How does Dataiku handle scheduling of containers
jax79sg
Registered Posts: 25 ✭✭✭✭
Hi,
Say i have a Dataiku pipeline and there are 3 nodes running in parallel in the pipeline. Each node is performing some actions that requires a GPU each, this node is performed by submitting as a container job to Kubernetes cluster.
Now while the nodes are initializing, one of them gets a FailedScheduling from Kubernetes cluster due to lack of GPU resources, can i configure Dataiku such that the pipeline doesn't fails? Rather, i would want the job in this node to be queued and somehow allow the user to see that this is happening.
Thank you.
Regards,
Jax
Say i have a Dataiku pipeline and there are 3 nodes running in parallel in the pipeline. Each node is performing some actions that requires a GPU each, this node is performed by submitting as a container job to Kubernetes cluster.

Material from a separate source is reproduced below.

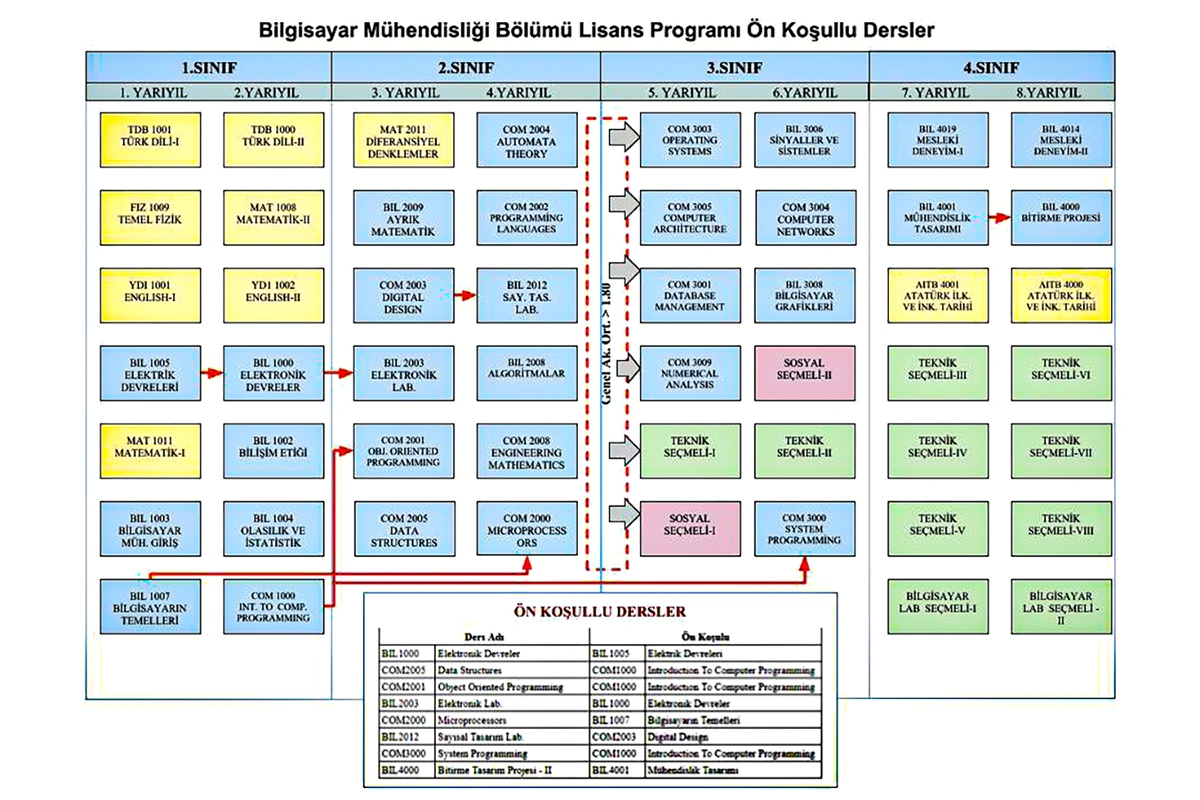KTÜ Bilgisayar Mühendisliği Ön Koşullu Ders Uygulaması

Now while the nodes are initializing, one of them gets a FailedScheduling from Kubernetes cluster due to lack of GPU resources, can i configure Dataiku such that the pipeline doesn't fails? Rather, i would want the job in this node to be queued and somehow allow the user to see that this is happening.
Thank you.
Regards,
Jax
Tagged:
Answers
-
Hi,
There is a way to add limitations on parallel jobs in DSS.

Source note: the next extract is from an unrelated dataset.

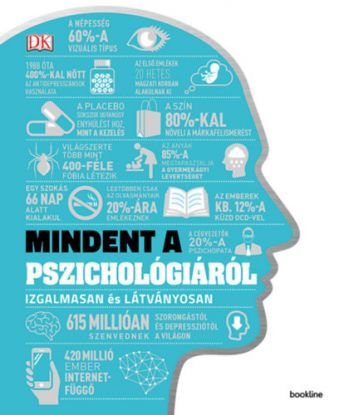 Mindent a pszichológiáról - Izgalmasan és látványosan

If you check in Administration > Settings > Flow build:
In the additional limits, you can add a limit for tag/gpu to 2 for instance.

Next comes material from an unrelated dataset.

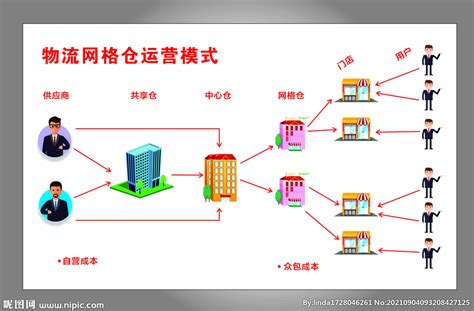 运营模式-北京世纪鹏达物流有限公司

Then on the recipes from the flow, you can add the gpu tag on the recipes using gpus.If you do that, it would mean that you can't start more than 2 recipes using gpus at the same time in DSS.
Matt
-
Hi,
Is there a way to start and queue it? Or the user will need to try and retry till a GPU is made available?
Thank you.
Regards,
Kah Siong -
We don't have "add to queue" functionality but if you set these additionals limits in the settings and you start the job, it will be in a waiting mode and it's going to start only when it's ready: meaning less than X recipes are currently running with the tag parameters.
-
Actually, a second option would be to add several steps in the scenario to build each dataset sequentially. In a scenario each steps are running one after another so you can control in which order you want to update the full pipeline.